#Import needed libraries

library(tsibbledata) #to use the time series data in it for the exercises.
library(tsibble) # to use function as_tsibble
library(tibble) # to use view function
library(ggplot2)
library(feasts) # to use the functions for graphics like autoplot()

library(readr) # to uses read_csv function
library(dplyr) # to use Filter, mutate function etc
library(tidyr) # to use pivot_longer function

library(USgas) # to use us_total data

library(fpp3)  # to use us_gasoline dataset 
library(seasonal) # X-13ARIMA-SEATS decomposition

Exercises:

3.1 Consider the GDP information in global_economy. Plot the GDP per capita for each country over time. Which country has the highest GDP per capita? How has this changed over time?

Answers:

GDP per capita for each country over time is plotted through autoplot.

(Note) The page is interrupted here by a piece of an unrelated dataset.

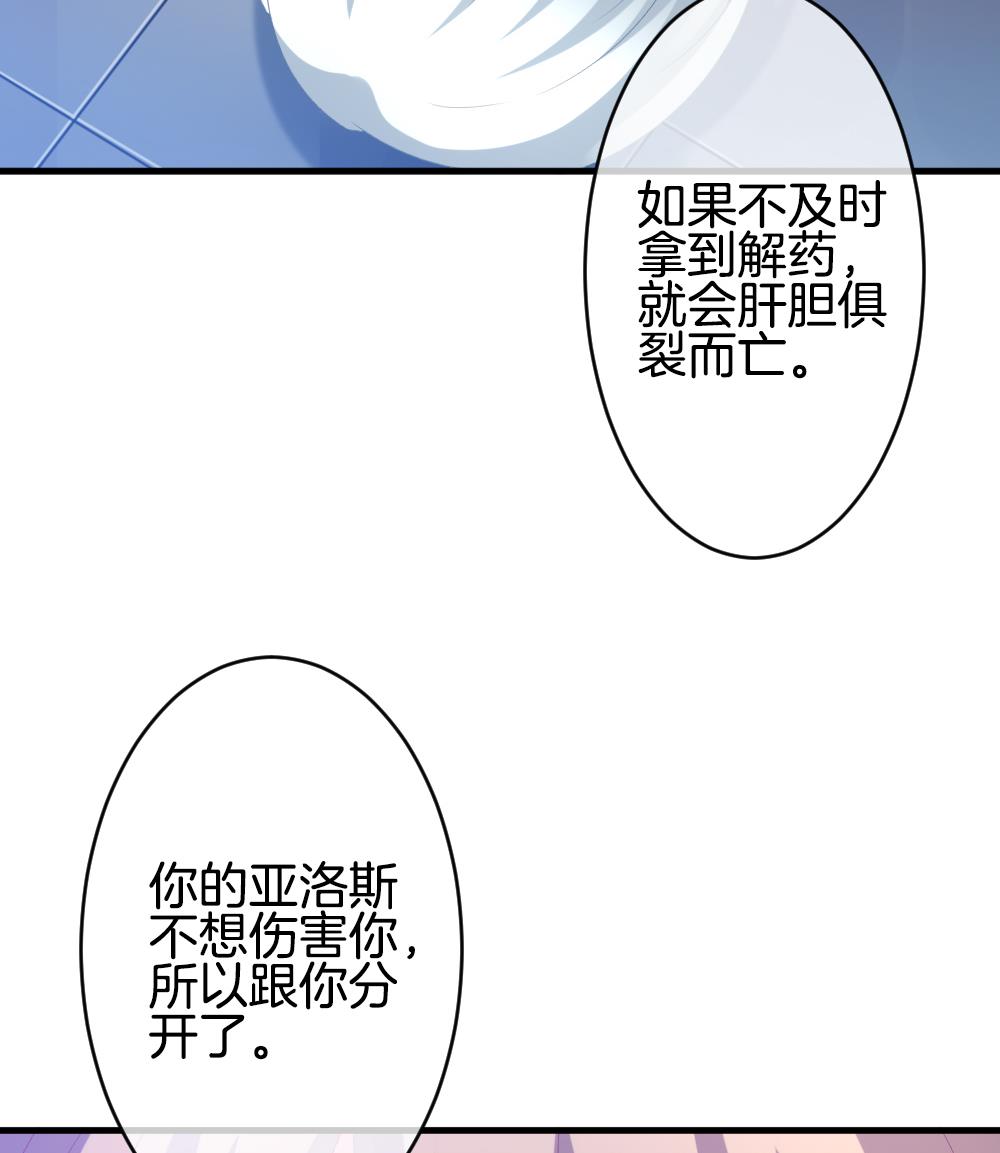 🍻拂晓的花嫁 第247话 爱与责任 1 第32页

In 2017, Luxemborg has the highest GDP per capita.

However there is changes over time.

From 1960-1970 , United States was leading with few exception years indicating Kuwait.

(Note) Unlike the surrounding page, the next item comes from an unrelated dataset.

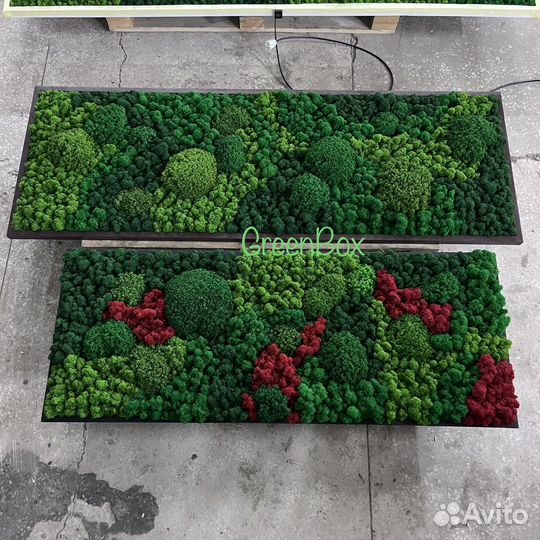 Панно из мха 140*55см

From 1970-2016 , Monaco was leading with increasing GDP per capita with every passing year.

1976,1977, United Arab Emirates had the highest GDP per capita.

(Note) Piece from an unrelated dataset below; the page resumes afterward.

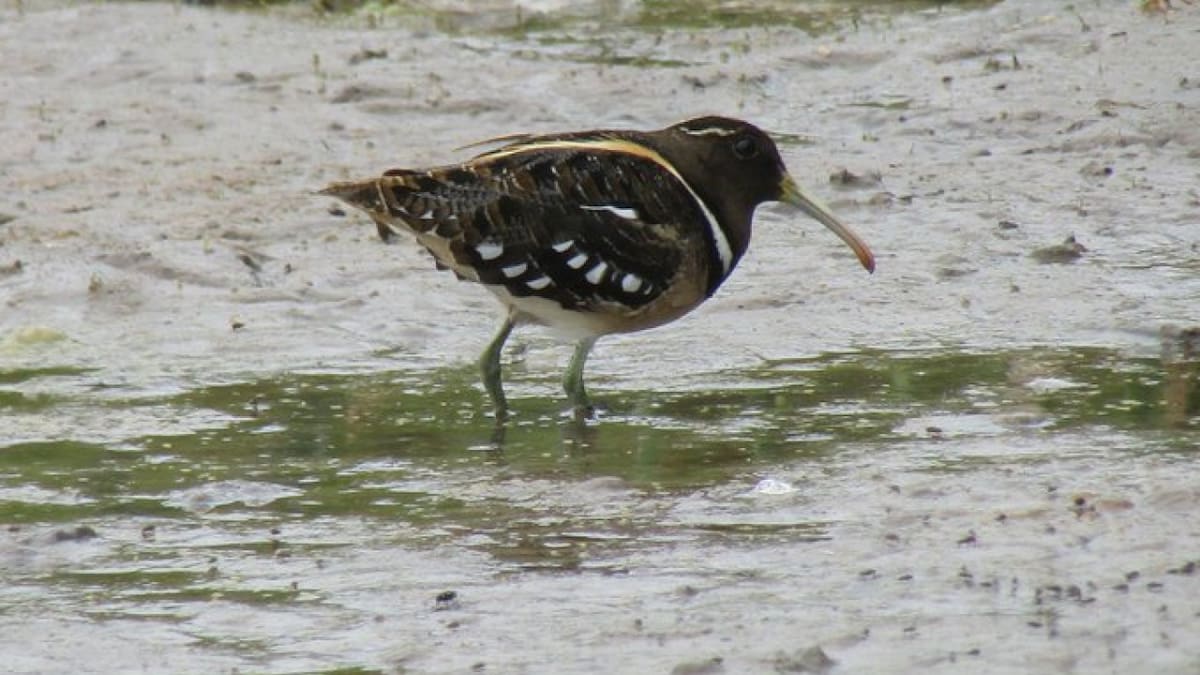 Así es el aguatero, una de las aves más increíbles. Foto X @AlanBenadia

2013 and 2015, Liechtenstein had the highest GDP per capita.

global_economy |>
  autoplot(GDP/Population,show.legend = FALSE) +
  labs(title= "GDP per capita", y = "$USD")
## Warning: Removed 3242 rows containing missing values or values outside the scale range
## (`geom_line()`).

global_economy |>
  mutate(GDPperCapita = GDP/Population) |>
  index_by(Year) |>
  filter(GDPperCapita == max(GDPperCapita, na.rm = TRUE)) |>
  select(Country, GDPperCapita) |>
  arrange(Year) |>
  ggplot(aes(x = Year, y = GDPperCapita, fill = Country)) +
  geom_bar(stat = "identity") +
  labs(title= "GDP per capita", y = "$USD") +
  scale_x_continuous(breaks = seq(min(global_economy$Year), max(global_economy$Year), by = 5))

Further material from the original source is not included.